По оценкам специалистов (Л. Н. Лазарева, Н. В. Цхададзе[1142]
), поначалу принятые решения по поддержке и реформированию сельского хозяйства дали заметный эффект: в 1965–1967 годах среднегодовой объем валовой продукции аграрного производства на 15% превышал аналогичный объем в предыдущем трехлетии, производство сельхозпродукции на душу населения выросло с 3 до 11%, стоимость сельскохозяйственной продукции — на 20%, совокупная рентабельность совхозного производства составила 22%, а колхозного и того больше — 34%. В результате многие негативные тенденции, доставшиеся в наследство от «хрущевских загогулин», удалось переломить. Однако этот «реформаторский» эффект оказался не очень продолжительным.
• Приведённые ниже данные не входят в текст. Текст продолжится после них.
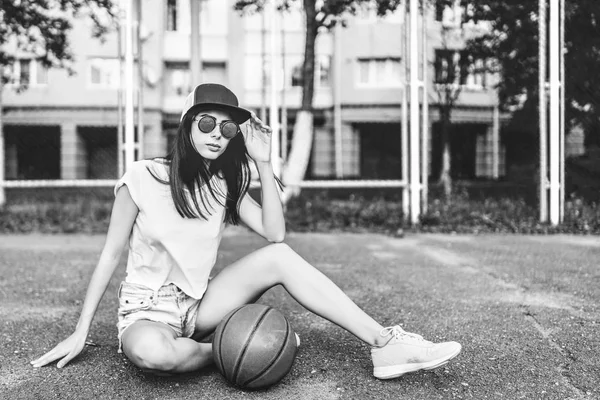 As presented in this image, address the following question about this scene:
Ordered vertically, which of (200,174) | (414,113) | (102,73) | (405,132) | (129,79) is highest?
(102,73)

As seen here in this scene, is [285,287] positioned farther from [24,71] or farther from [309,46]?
[24,71]

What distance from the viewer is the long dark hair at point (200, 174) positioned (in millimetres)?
2895

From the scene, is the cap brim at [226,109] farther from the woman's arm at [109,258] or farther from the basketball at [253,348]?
the basketball at [253,348]

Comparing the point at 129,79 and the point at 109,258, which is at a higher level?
the point at 129,79

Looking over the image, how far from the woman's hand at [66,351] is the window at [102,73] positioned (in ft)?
69.3

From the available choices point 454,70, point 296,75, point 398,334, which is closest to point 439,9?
point 454,70

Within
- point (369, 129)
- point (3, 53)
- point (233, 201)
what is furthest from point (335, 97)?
point (233, 201)

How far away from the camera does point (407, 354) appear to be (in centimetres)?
271

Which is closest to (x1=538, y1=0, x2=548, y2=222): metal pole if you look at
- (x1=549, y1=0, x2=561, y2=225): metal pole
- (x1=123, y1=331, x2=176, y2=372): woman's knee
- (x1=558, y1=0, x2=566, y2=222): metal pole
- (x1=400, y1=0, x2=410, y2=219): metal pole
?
(x1=549, y1=0, x2=561, y2=225): metal pole

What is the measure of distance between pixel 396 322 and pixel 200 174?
1537 mm

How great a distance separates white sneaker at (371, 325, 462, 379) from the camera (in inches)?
105

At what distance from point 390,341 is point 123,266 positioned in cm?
388

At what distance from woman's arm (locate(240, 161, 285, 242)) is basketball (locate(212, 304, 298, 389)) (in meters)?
0.53

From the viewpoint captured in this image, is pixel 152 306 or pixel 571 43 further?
pixel 571 43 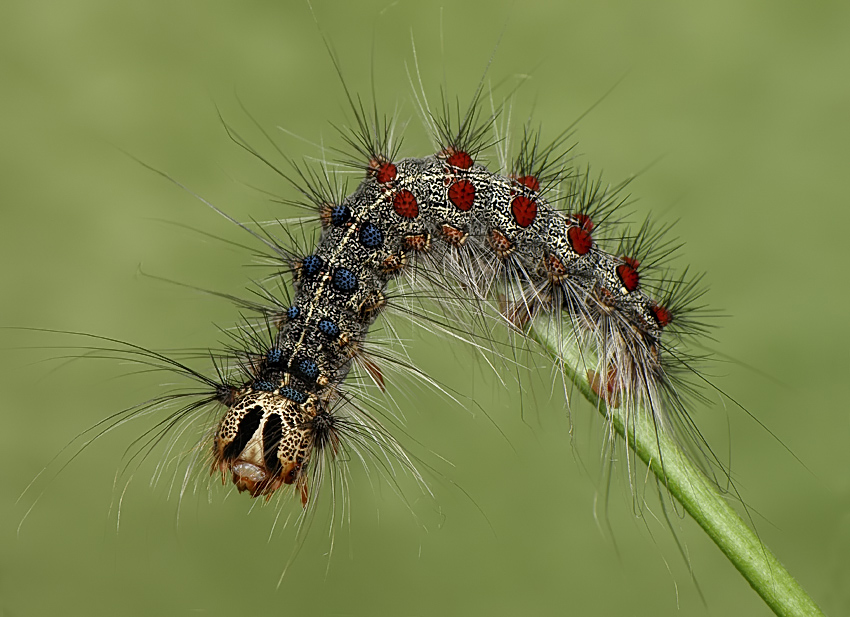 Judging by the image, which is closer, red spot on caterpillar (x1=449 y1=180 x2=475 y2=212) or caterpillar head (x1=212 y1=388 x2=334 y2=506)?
caterpillar head (x1=212 y1=388 x2=334 y2=506)

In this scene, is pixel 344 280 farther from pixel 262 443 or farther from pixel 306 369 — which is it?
pixel 262 443

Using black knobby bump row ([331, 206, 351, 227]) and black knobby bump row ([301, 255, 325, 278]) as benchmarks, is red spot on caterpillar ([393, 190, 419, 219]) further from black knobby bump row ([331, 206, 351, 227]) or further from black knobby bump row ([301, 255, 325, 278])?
black knobby bump row ([301, 255, 325, 278])

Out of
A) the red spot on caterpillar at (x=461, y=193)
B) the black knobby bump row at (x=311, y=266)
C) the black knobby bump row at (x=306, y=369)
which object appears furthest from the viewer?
the red spot on caterpillar at (x=461, y=193)

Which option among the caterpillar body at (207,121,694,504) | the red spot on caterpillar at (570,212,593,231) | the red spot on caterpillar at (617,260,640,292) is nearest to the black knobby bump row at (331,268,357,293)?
the caterpillar body at (207,121,694,504)

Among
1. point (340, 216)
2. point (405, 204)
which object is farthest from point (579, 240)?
point (340, 216)

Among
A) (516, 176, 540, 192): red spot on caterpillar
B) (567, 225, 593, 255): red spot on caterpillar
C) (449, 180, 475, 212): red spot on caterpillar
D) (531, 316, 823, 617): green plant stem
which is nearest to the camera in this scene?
(531, 316, 823, 617): green plant stem

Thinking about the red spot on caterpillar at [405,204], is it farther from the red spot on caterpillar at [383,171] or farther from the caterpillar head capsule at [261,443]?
the caterpillar head capsule at [261,443]

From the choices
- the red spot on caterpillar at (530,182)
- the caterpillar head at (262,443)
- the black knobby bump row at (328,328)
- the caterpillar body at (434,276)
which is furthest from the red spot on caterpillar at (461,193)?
the caterpillar head at (262,443) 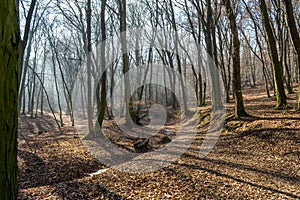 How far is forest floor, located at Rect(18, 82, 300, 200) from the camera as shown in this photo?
4.71 m

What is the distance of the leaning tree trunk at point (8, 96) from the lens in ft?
4.30

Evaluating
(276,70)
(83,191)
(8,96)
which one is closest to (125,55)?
(276,70)

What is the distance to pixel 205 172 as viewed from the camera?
5.92 meters

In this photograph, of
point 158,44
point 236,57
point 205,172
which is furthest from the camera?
point 158,44

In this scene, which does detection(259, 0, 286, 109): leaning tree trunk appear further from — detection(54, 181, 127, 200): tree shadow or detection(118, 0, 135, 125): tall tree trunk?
detection(54, 181, 127, 200): tree shadow

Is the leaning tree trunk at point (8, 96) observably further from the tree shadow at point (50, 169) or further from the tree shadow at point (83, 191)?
the tree shadow at point (50, 169)

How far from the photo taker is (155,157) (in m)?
7.79

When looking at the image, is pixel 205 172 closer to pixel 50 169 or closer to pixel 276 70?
pixel 50 169

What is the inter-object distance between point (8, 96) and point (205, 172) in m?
5.47

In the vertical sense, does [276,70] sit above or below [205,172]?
above

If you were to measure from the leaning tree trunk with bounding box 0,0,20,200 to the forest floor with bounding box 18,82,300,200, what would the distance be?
364cm

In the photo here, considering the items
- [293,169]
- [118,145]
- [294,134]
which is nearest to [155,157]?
[118,145]

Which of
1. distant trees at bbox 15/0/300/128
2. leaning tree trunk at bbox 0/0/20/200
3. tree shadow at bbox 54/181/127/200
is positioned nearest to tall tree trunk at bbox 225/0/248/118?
distant trees at bbox 15/0/300/128

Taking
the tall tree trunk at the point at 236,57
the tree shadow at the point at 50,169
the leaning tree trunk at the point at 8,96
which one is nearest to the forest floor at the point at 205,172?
the tree shadow at the point at 50,169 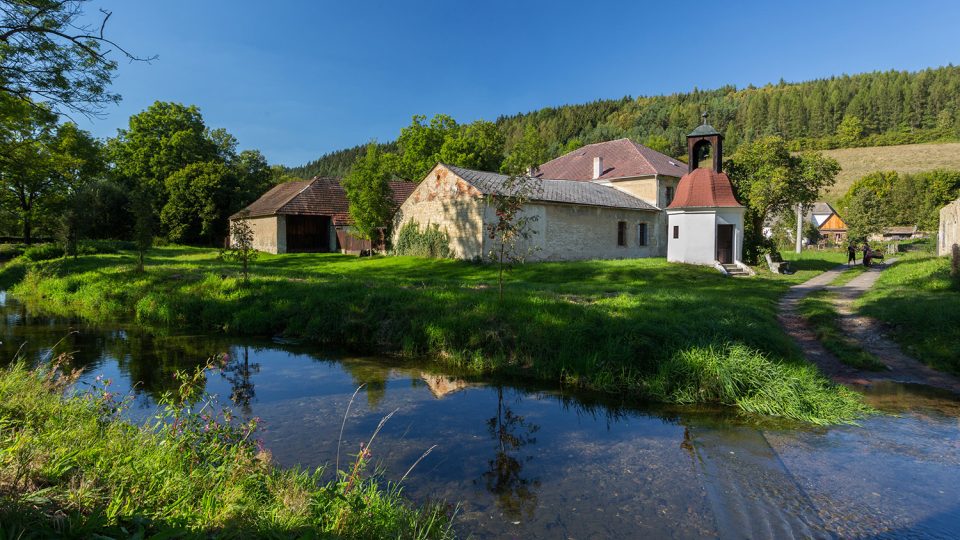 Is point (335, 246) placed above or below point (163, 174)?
below

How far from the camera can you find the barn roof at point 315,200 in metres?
36.6

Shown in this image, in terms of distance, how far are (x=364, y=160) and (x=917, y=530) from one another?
1209 inches

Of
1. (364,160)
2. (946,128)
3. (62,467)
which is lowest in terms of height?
(62,467)

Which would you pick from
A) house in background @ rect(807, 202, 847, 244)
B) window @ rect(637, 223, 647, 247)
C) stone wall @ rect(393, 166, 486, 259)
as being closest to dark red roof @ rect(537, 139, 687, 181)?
window @ rect(637, 223, 647, 247)

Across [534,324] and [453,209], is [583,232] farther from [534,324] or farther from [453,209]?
[534,324]

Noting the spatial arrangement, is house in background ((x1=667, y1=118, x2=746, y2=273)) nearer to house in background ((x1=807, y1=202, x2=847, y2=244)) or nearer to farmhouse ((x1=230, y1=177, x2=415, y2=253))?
farmhouse ((x1=230, y1=177, x2=415, y2=253))

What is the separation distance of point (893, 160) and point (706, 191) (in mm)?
86193

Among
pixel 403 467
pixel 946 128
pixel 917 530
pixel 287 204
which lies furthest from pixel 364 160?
pixel 946 128

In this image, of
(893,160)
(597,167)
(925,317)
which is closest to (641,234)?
(597,167)

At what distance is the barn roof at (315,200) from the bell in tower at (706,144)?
1867 cm

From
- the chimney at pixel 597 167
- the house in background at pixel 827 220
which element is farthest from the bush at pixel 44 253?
the house in background at pixel 827 220

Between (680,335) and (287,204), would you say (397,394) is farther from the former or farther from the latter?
(287,204)

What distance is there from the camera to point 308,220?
3744 centimetres

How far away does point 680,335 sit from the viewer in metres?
8.76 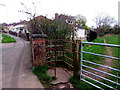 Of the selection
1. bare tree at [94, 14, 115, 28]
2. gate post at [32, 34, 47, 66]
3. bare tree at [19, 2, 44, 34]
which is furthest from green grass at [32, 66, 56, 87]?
bare tree at [94, 14, 115, 28]

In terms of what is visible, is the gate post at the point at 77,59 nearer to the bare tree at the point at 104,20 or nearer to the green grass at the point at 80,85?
the green grass at the point at 80,85

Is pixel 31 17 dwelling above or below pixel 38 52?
above

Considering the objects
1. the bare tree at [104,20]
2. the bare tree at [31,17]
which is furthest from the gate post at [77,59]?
the bare tree at [104,20]

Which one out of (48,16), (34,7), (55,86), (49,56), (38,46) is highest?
(34,7)

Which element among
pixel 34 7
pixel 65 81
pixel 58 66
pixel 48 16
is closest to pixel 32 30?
pixel 48 16

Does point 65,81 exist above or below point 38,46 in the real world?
below

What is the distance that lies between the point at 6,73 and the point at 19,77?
2.35ft

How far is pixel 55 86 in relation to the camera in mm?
2830

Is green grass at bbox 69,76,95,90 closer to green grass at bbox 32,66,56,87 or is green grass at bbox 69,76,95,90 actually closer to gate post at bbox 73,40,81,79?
gate post at bbox 73,40,81,79

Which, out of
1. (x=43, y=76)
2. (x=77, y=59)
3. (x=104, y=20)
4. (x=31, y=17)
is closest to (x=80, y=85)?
(x=77, y=59)

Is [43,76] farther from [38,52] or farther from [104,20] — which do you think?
[104,20]

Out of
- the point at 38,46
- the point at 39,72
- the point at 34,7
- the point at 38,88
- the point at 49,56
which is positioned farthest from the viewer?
the point at 34,7

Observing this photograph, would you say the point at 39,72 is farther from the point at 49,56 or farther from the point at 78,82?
the point at 78,82

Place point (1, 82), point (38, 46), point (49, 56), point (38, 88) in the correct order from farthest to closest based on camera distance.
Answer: point (49, 56) < point (38, 46) < point (1, 82) < point (38, 88) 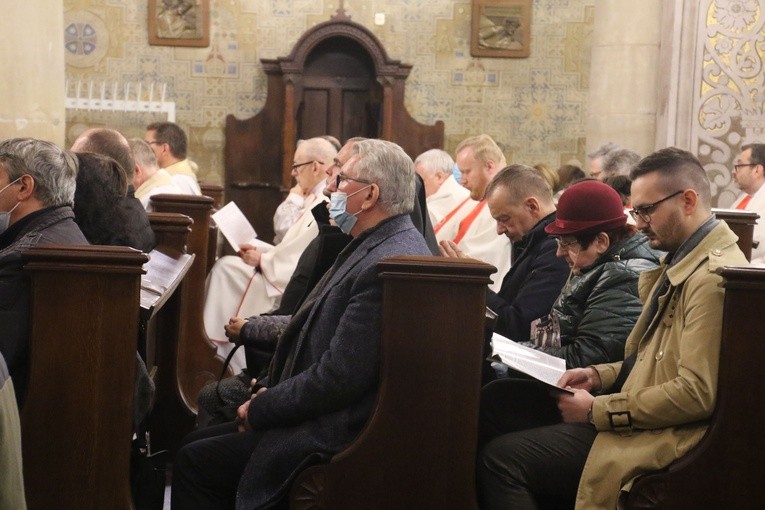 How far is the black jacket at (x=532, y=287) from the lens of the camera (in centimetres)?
430

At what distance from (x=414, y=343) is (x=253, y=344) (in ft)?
4.19

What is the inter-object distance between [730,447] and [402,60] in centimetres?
996

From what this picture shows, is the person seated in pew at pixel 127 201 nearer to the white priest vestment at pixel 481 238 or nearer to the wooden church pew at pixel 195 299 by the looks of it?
the wooden church pew at pixel 195 299

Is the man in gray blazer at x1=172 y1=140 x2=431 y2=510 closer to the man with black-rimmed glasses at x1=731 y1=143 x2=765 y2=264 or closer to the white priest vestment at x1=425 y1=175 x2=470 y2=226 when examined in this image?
the white priest vestment at x1=425 y1=175 x2=470 y2=226

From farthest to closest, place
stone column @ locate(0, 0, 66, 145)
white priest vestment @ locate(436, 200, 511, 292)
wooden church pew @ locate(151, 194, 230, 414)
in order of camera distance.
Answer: white priest vestment @ locate(436, 200, 511, 292) < wooden church pew @ locate(151, 194, 230, 414) < stone column @ locate(0, 0, 66, 145)

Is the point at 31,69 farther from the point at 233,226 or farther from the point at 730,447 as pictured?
the point at 730,447

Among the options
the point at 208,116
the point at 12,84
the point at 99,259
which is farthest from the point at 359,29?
Answer: the point at 99,259

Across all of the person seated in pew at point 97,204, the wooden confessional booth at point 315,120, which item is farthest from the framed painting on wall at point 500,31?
the person seated in pew at point 97,204

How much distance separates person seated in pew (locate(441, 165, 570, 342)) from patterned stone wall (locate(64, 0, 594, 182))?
791cm

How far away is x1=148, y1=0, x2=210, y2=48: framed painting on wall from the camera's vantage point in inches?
488

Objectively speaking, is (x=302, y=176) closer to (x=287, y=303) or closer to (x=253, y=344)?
(x=287, y=303)

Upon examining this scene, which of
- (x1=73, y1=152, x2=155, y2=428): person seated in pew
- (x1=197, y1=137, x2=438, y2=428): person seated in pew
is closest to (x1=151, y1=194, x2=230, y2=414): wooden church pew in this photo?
(x1=73, y1=152, x2=155, y2=428): person seated in pew

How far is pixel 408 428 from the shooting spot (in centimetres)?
→ 330

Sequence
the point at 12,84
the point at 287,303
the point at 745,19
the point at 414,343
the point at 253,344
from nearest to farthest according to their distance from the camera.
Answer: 1. the point at 414,343
2. the point at 253,344
3. the point at 287,303
4. the point at 12,84
5. the point at 745,19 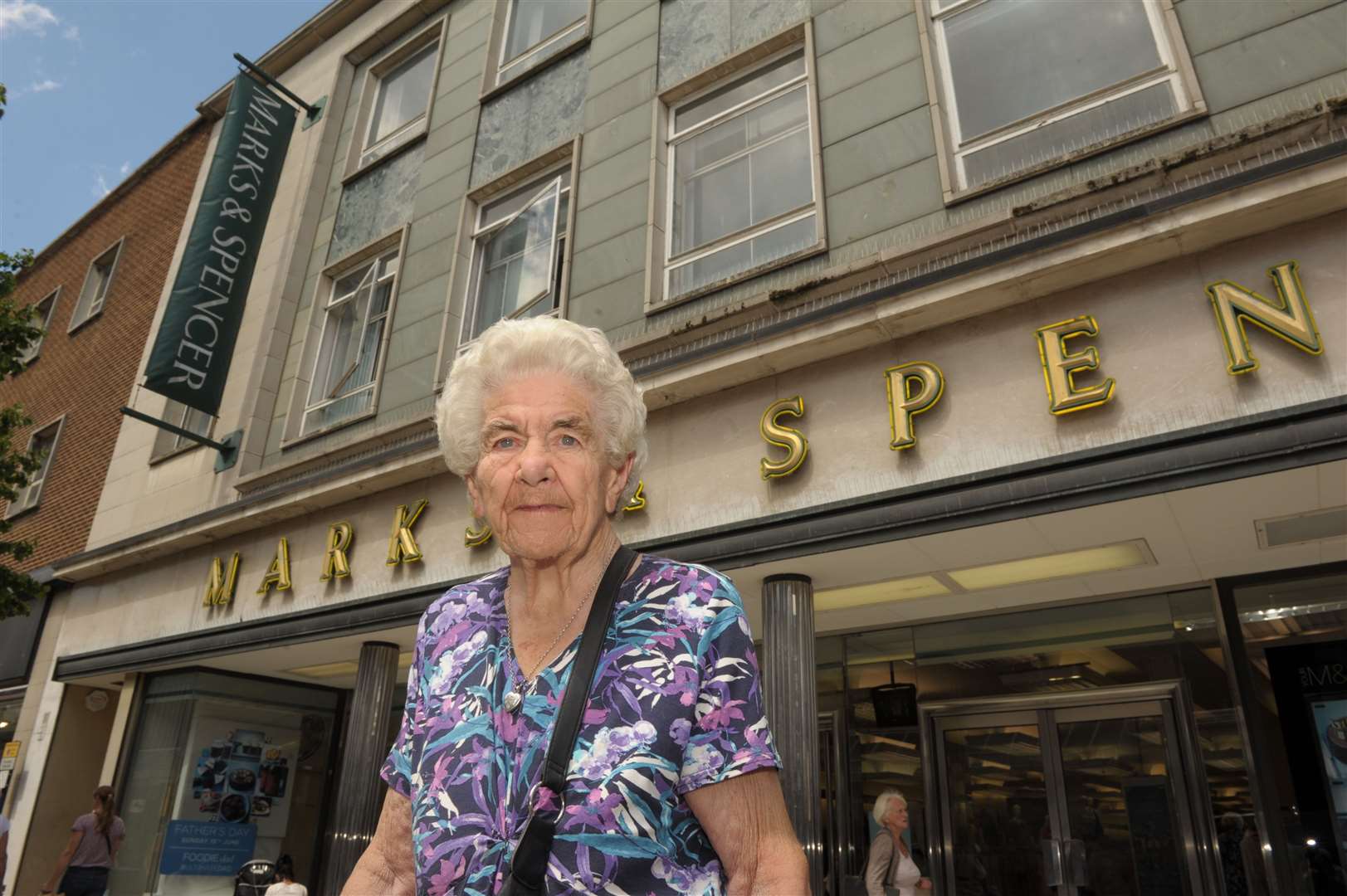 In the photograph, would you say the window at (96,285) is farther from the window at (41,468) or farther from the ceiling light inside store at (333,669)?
the ceiling light inside store at (333,669)

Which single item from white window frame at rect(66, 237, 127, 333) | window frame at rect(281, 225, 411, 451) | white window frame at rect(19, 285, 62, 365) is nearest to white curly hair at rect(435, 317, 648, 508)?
window frame at rect(281, 225, 411, 451)

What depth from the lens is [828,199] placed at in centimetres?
723

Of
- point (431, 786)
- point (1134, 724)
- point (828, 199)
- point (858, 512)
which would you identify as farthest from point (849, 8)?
point (431, 786)

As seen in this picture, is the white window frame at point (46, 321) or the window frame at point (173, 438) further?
the white window frame at point (46, 321)

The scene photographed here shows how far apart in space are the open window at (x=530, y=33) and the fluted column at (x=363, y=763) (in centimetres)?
707

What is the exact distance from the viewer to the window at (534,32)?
10.5 m

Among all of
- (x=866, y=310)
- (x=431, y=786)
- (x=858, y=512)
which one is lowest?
(x=431, y=786)

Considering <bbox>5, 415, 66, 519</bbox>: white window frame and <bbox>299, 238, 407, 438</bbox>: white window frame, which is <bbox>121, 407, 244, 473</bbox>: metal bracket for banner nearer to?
<bbox>299, 238, 407, 438</bbox>: white window frame

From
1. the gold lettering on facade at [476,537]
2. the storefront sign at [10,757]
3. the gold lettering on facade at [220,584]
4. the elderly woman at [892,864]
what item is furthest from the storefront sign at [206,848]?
the elderly woman at [892,864]

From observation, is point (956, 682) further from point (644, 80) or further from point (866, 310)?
point (644, 80)

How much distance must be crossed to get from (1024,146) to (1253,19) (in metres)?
1.51

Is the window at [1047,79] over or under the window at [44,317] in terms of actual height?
under

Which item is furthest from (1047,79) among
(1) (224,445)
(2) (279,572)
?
(1) (224,445)

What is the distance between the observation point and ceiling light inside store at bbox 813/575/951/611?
696cm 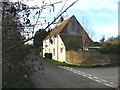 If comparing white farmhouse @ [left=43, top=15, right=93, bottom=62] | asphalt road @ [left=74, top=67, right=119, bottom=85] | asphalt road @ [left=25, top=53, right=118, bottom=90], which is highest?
white farmhouse @ [left=43, top=15, right=93, bottom=62]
Несмотря на огромные госинвестиции, колоссальные масштабы мелиорации и поставок сельхозтехники и удобрений, плановые показатели VIII-й пятилетки не были достигнуты, поскольку общий объем аграрного производства вырос только на 21% вместо директивных 25%, а среднегодовые темпы роста продукции в сельском хозяйстве начали быстро снижаться. Так, если в VIII-й пятилетке они составили 3,9%, то в ІХ-й — только 2,5%.Кстати, ряд современных авторов совершенно справедливо полагают, что далеко не последнюю роль в таких печальных итогах аграрных «реформ» сыграла отмена прежней оплаты по трудодням, которая начислялась только по итогам года. Переход к помесячной гарантированной зарплате колхозникам стал стратегической ошибкой руководства страны, поскольку это подорвало их заинтересованность в результатах своего труда, трудовую дисциплину и, как следствие этого, породило перманентную «шефскую помощь» колхозам в уборочную страду, когда каждую осень «на картошку» отправлялись сотни тысяч студентов и сотрудников всевозможных НИИ.
Надо сказать, что в отечественной либеральной историографии еще со времен горбачевской перестройки (Г. Х. Попов, Р. Г. Пихоя, Р. А. Медведев, Л. М. Млечин, В. А. Мау[1143]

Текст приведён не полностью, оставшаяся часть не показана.